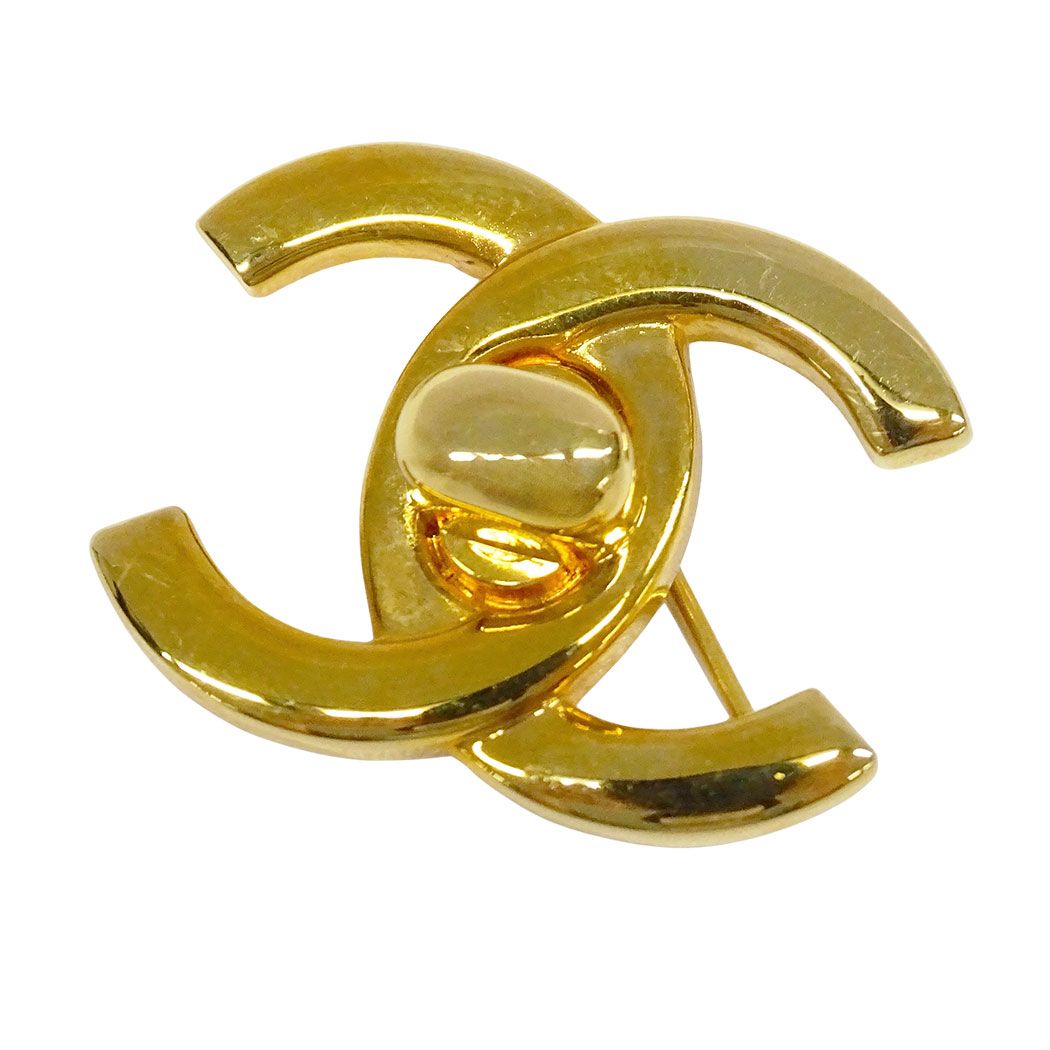 Chanel Brooch Turnlock Gold Logo Vintage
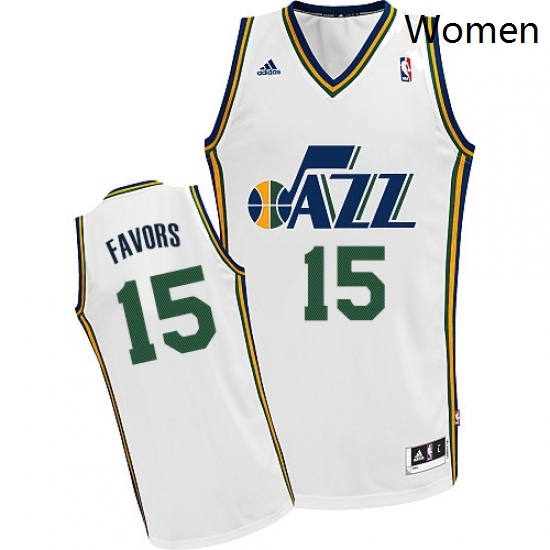Womens Adidas Utah Jazz 15 Derrick Favors Swingman White Home NBA Jersey Womens Adidas Utah Jazz 15 Derrick Favors Swingman White Home NBA Jersey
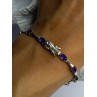 925 Sterling Silver Purple Tourmaline Bracelet Length 7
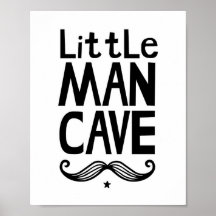 Liten Man Grotta Barnkammare Affisch med Mustasch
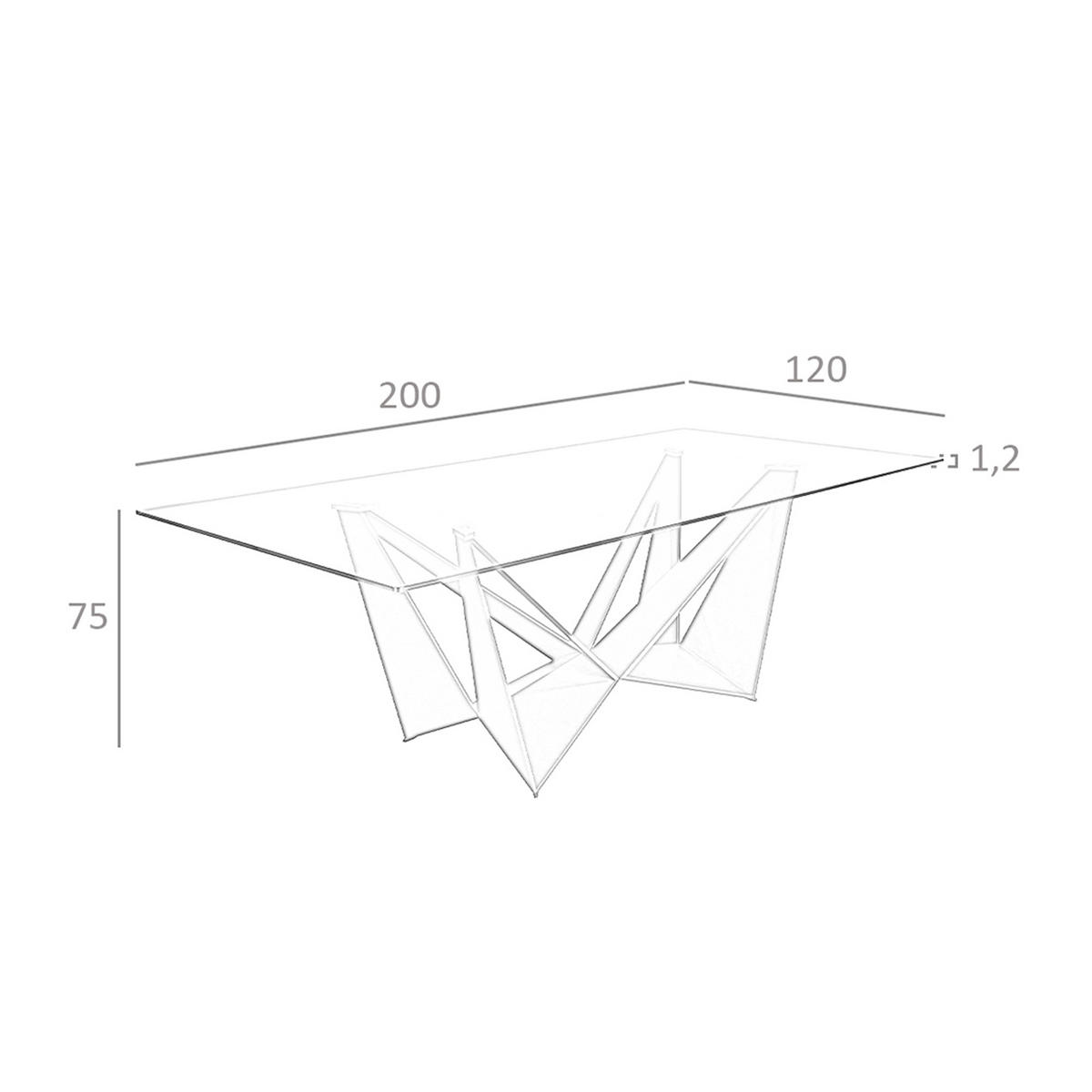 ESSTISCH Esstisch Rechteckig gehärtetes Glas aus schwarzer Stahl 220/95/75 cm - Schwarz, Glas (95/220/75cm) - ANGEL CERDA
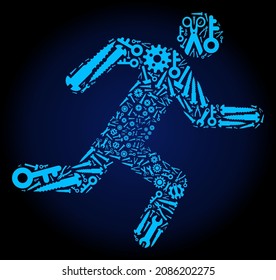 Service running man collage of service tools on a dark blue gradient background. Vector running man is made of blue gear wheels, spanners, and other tools, and based on running man icon.
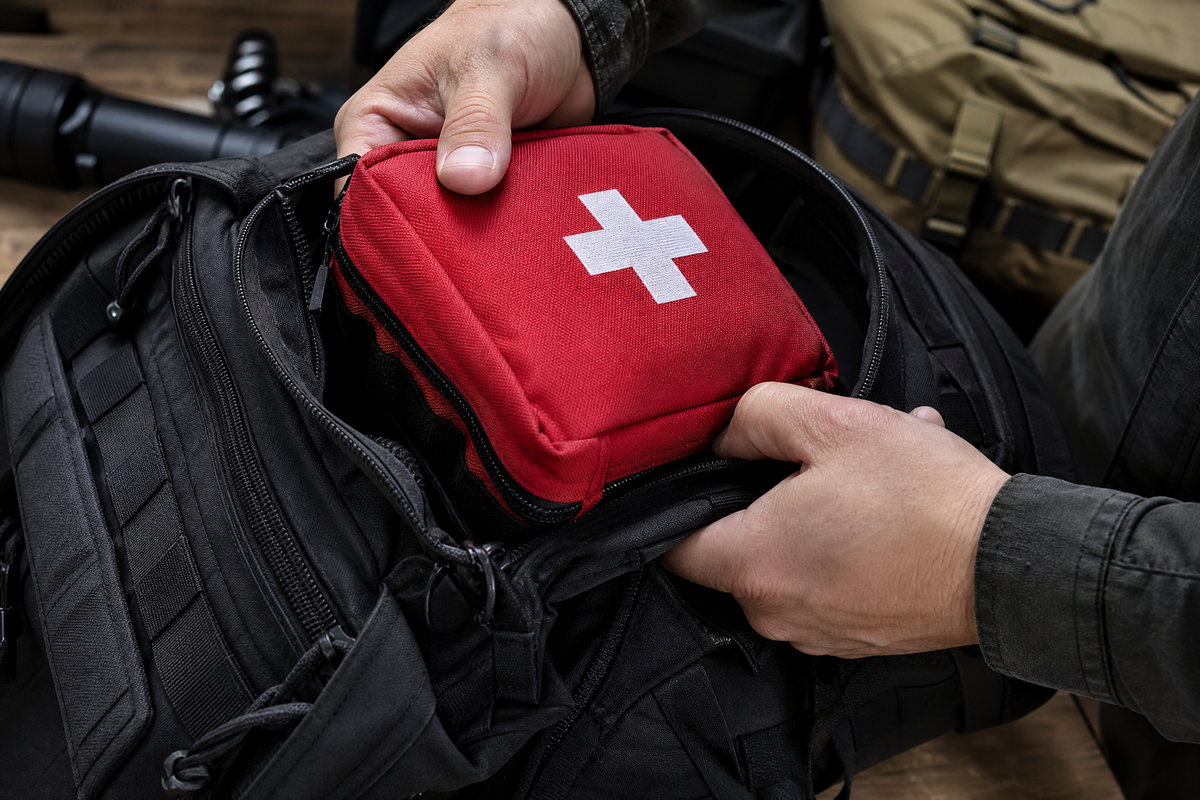 Deux mains placent une trousse de secours rouge avec une croix blanche dans un sac à dos noir.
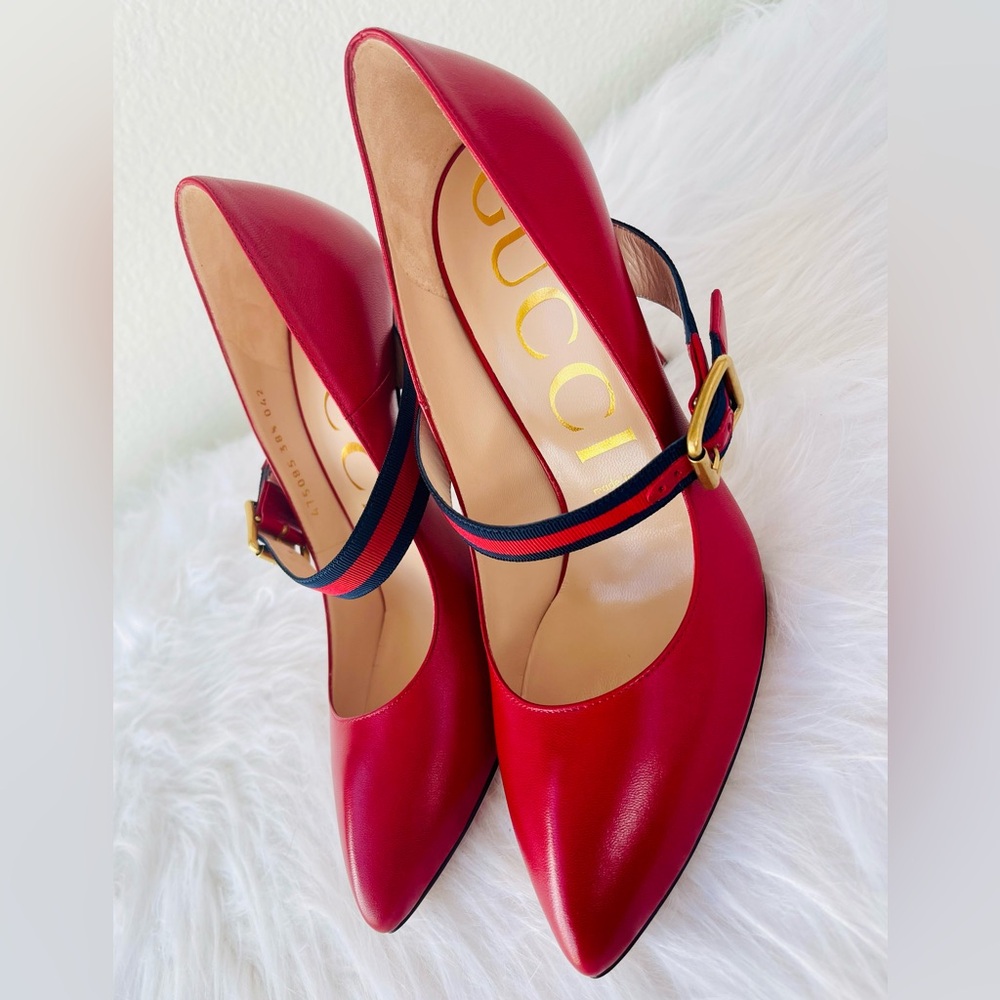 New! GUCCI “Mary Jane” inspired
RED Leather Sylvie Web Strap Heels Size 38.5 - Picture 13 of 14
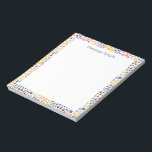 Cute Modern Flower Pattern with Name Notepad<br><div class="desc">Stay organised with this charming personalised notepad featuring a colourful floral border. Perfect for jotting down notes,  to-do lists,  or reminders,  this notepad combines functionality with a touch of elegance. Customised with your name,  it makes a thoughtful gift for teachers,  friends,  or anyone who loves stylish stationery.</div>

(TASK REQUIREMENTS)
Could you give all the records again, exactly, minus the pictures?

(YOUR SOLUTION)
 Chanel Brooch Turnlock Gold Logo Vintage
Womens Adidas Utah Jazz 15 Derrick Favors Swingman White Home NBA Jersey Womens Adidas Utah Jazz 15 Derrick Favors Swingman White Home NBA Jersey
 925 Sterling Silver Purple Tourmaline Bracelet Length 7
 Liten Man Grotta Barnkammare Affisch med Mustasch
 ESSTISCH Esstisch Rechteckig gehärtetes Glas aus schwarzer Stahl 220/95/75 cm - Schwarz, Glas (95/220/75cm) - ANGEL CERDA
 Service running man collage of service tools on a dark blue gradient background. Vector running man is made of blue gear wheels, spanners, and other tools, and based on running man icon.
 Deux mains placent une trousse de secours rouge avec une croix blanche dans un sac à dos noir.
 New! GUCCI “Mary Jane” inspired
RED Leather Sylvie Web Strap Heels Size 38.5 - Picture 13 of 14
 Cute Modern Flower Pattern with Name Notepad<br><div class="desc">Stay organised with this charming personalised notepad featuring a colourful floral border. Perfect for jotting down notes,  to-do lists,  or reminders,  this notepad combines functionality with a touch of elegance. Customised with your name,  it makes a thoughtful gift for teachers,  friends,  or anyone who loves stylish stationery.</div>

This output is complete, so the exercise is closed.